You can only just hear the murmur of running water through Plinia Rodrigues' vegetable garden, but that tiny stream has a huge job: keeping alive Latin America's mammoth wetlands, known as the Pantanal.
Rodrigues, 63, shows off the thick stands of palms and other native plants crowding around the fish-filled, crystalline water. The garden in the tiny community of Piraputanga in the far west of Brazil, near the border of Bolivia, looks like a little slice of paradise.
It's also important, one of a myriad of similar streams rising from the lush landscape to feed the mighty Paraguay river, which in turn underpins the Pantanal.
But with industrialized agriculture encroaching deeper and deeper into former wilderness, that fragile water network nestled between Brazil, Paraguay and Bolivia is now under serious threat, experts say.
The problem is that even if the Pantanal itself is protected -- and Brazil's Congress is currently considering additional measures -- destruction of the sources upstream would be just as bad.
Rodrigues, who raises chickens, makes cheese and grows vegetables, says the undergrowth flourishing along her stream shows its good health. The plants help keep the banks in place, shielding the water and the life in it.
"We don't touch the river banks, so they're full of trees. We want to preserve what we have," she said, adding that she has only told a handful of other people about the hard-to-access spot where the stream is born.
But she's aware of the growing threat from deforestation, pesticides and industrial-scale planting of monocrops like soya.
Once, big fish swam here but they vanished when a nearby hydroelectric station blocked their path, she says.
"Everyone around here works with soya. Since that started, our trees haven't produced such good fruit," she said. "We grew papaya for the market but not any longer and the oranges have turned ugly."

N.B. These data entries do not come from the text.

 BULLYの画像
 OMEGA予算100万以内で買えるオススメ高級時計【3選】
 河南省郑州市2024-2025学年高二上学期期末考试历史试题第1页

- Natural treasure trove -
Covering 65,600 square miles (170,500 square kilometers), the Pantanal contains some 4,000 species of flora and fauna. But even though the Pantanal is Brazil's best preserved biosphere, that doesn't mean it isn't under pressure.
The Pantanal itself enjoys many legal protections and some 82 percent is untouched, the World Wildlife Fund says, but in the area where water rises, 55 percent of the territory has suffered deforestation.
"This region is at risk and if nothing is done to change this, we'll start seeing the collapse of the Pantanal during the coming years," said Julio Cesar Sampaio, WWF's coordinator for the Cerrado-Pantanal.
On the Pantanal, life is governed by the coming and going of the dry and rainy seasons. Between October and May, rain-swelled rivers spill and gradually flood 80 percent of the whole area, leaving only rich green islands.
At peak flooding, the Pantanal is a spectacular place for fishing and adventurous tourists. Birds, alligators, jaguars, monkeys and the mammoth green anaconda snake call this magical place home.
The Pantanal also plays an important role in controlling the climate, says Sergio Freitas, who studies the region at the University of Brasilia.
"The surface functions as a big mirror made of water, reflecting part of the heat back and making the climate more agreeable," he said.
It's not that humans can't coexist with the natural treasure house. Local cowboys, called "pantaneiros," move their herds in rhythm with the movement of the floods.
Freitas said ranchers have had a presence for more than 200 years without causing undue impact. The problem was the arrival in recent decades of intensive agriculture, reducing the topsoil and muddying the streams.
A better balance could still be achieved if the government applies incentives for producers to diversify and to steer away from current unsustainable practices, he said.